A Wayside Shrine Roome, H.A.  (British, 1857-1935)

The English amateur photographer Henry Abercrombie Roome (1857-1935) was born in Bombay. After attending Epson College in Surrey from 1871-1874, he went on to Edinburgh University for his medical education, and in 1879 was appointed house surgeon to the Royal Surrey County Hospital in Guildford. In the early 1880’s, Roome had become interested in photography, and by 1884 was a member of the Postal Photographic Society and exhibiting work as a member of the Royal Photographic Society in their salons. His views of Lake Como, Venice, and a study of a elderly Italian peasant woman exhibited as platinum prints in the 1886 RPS annual were later included with views taken in Switzerland and other locales for this 1892 compilation folio Sunshine & Shadow which features 19 plates produced as hand-pulled photogravures by English copperplate engraver and future Linked Ring Brotherhood member Walter Colls.
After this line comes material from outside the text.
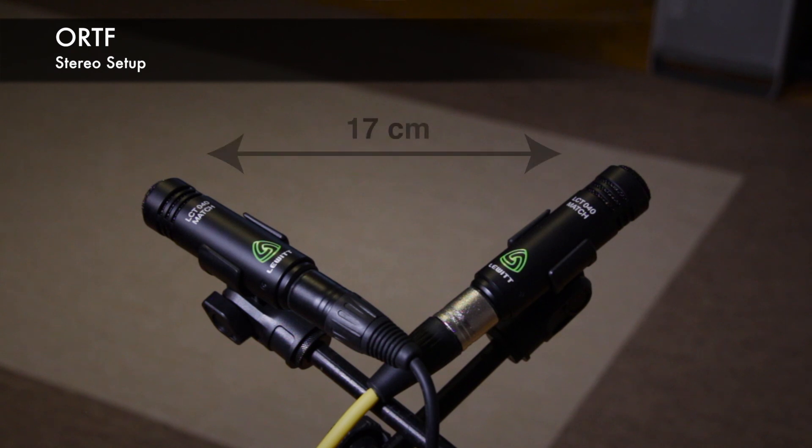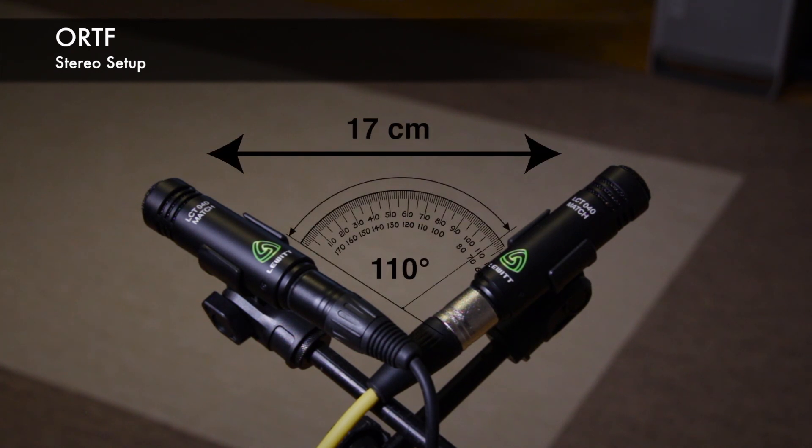I can't wait to try that out. I'm going to set it up in the ORTF setting. Be careful when using ORTF — you get the benefits of both the XY and the AB setting, but you have to be really careful with the angle and the distance between the microphones. The distance between the capsules should be 17 centimeters and the angle has to be 110 degrees. Then you're good to go. I'm going to set it up now and have a listen to how this microphone sounds.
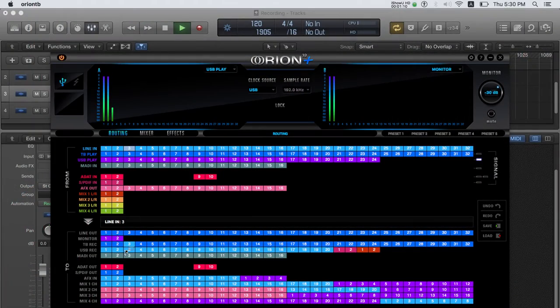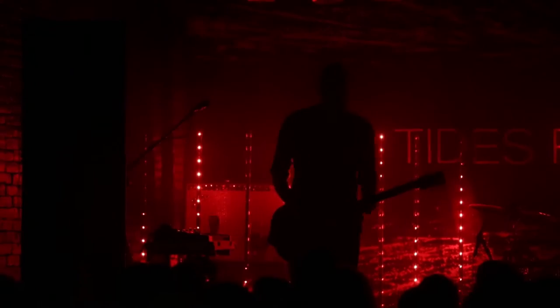I'm blown away by the mixer and the routing system — it's just so easy. You think about what you need, grab it, put it where you want, and the result is exactly what you expected. It's pretty intuitive. We didn't study any YouTube videos from your company — we just watched it and after that we were ready.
The Prefatory Note to the volume signed by Roome states… I publish this book as a handy souvenir for my friends of pictures which have had the good fortune, when printed in platinotype, to give them pleasure in the past. I entrusted my plates to the hands of Mr. Walter L. Colls, of Barnes, who has reproduced them by the photo-etching process. I tender him my hearty thanks for the careful and able manner in which he has performed his task.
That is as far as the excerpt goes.